'''

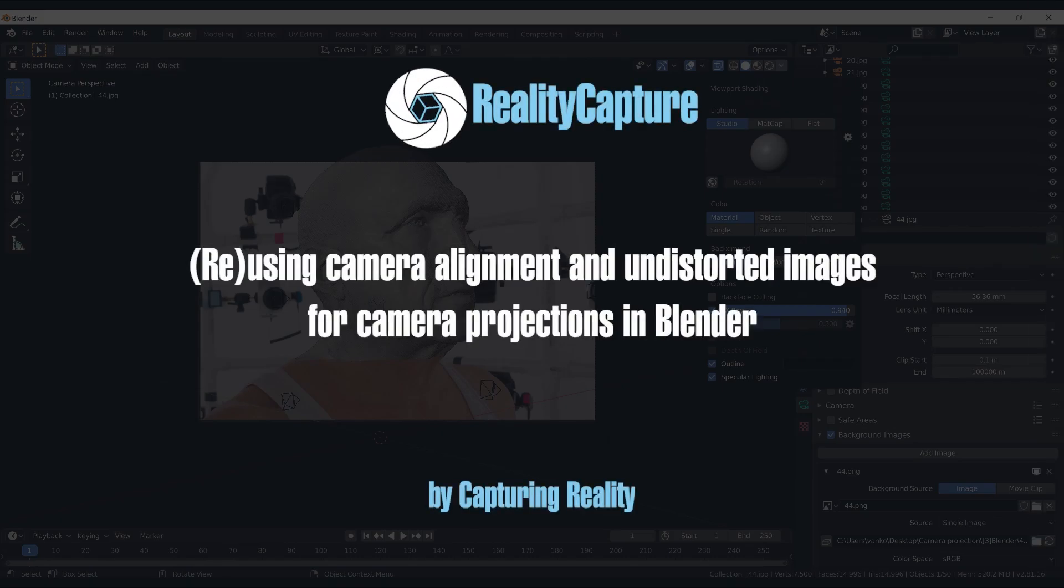Hi everyone, my name is Jakub and I work as a technical pre-sales expert at Capturing Reality. In this tutorial I would like to show you how to reuse the camera alignment with undistorted images for camera projections in other 3D software.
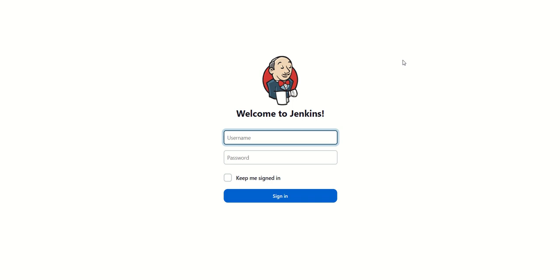Hello friends, welcome back to my channel. In today's video, we'll see how we can create a basic pipeline job in Jenkins. This is your Jenkins console. We'll login to this console.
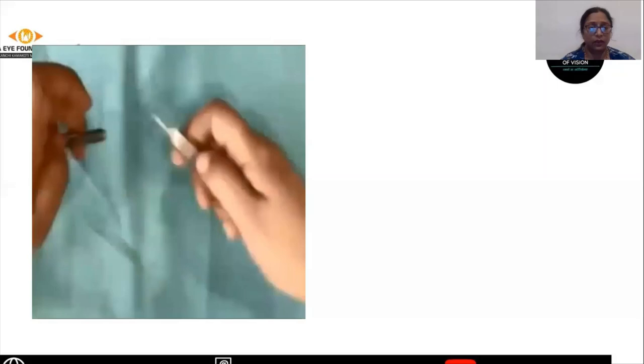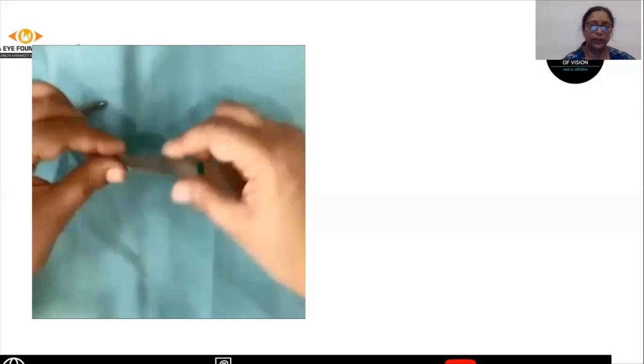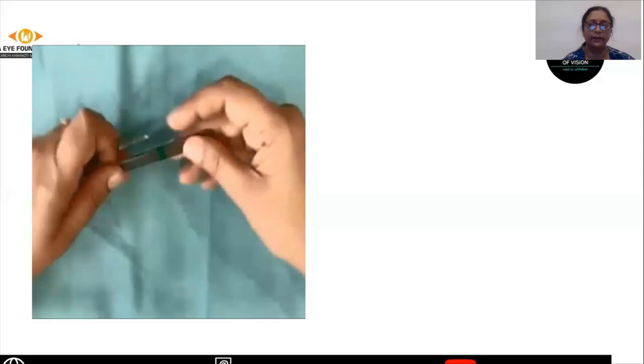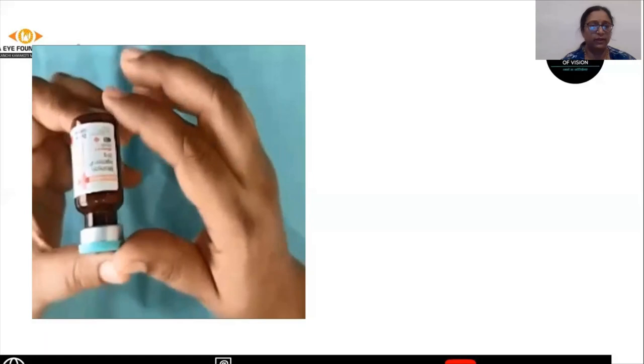The next step is doing a flap. You need either a blade breaker with which you can fix onto the Raja blade and do the flap, or the Bard Parker handle on which you can fix the number 11 blade and do the flap.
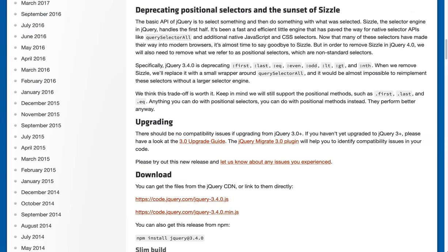That querySelectorAll-based approach means that we have to drop support for so-called positional selectors: first, last, eq, even, odd, alt, gt, and nth. Most of them already had equivalent jQuery methods. Even and odd were added in jQuery 3.5.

'''

Problem details | What you give back must match the material word for word, with no images included.

Output for this task |
Hi everyone, my name is Jakub and I work as a technical pre-sales expert at Capturing Reality. In this tutorial I would like to show you how to reuse the camera alignment with undistorted images for camera projections in other 3D software.
Hello friends, welcome back to my channel. In today's video, we'll see how we can create a basic pipeline job in Jenkins. This is your Jenkins console. We'll login to this console.
The next step is doing a flap. You need either a blade breaker with which you can fix onto the Raja blade and do the flap, or the Bard Parker handle on which you can fix the number 11 blade and do the flap.
That querySelectorAll-based approach means that we have to drop support for so-called positional selectors: first, last, eq, even, odd, alt, gt, and nth. Most of them already had equivalent jQuery methods. Even and odd were added in jQuery 3.5.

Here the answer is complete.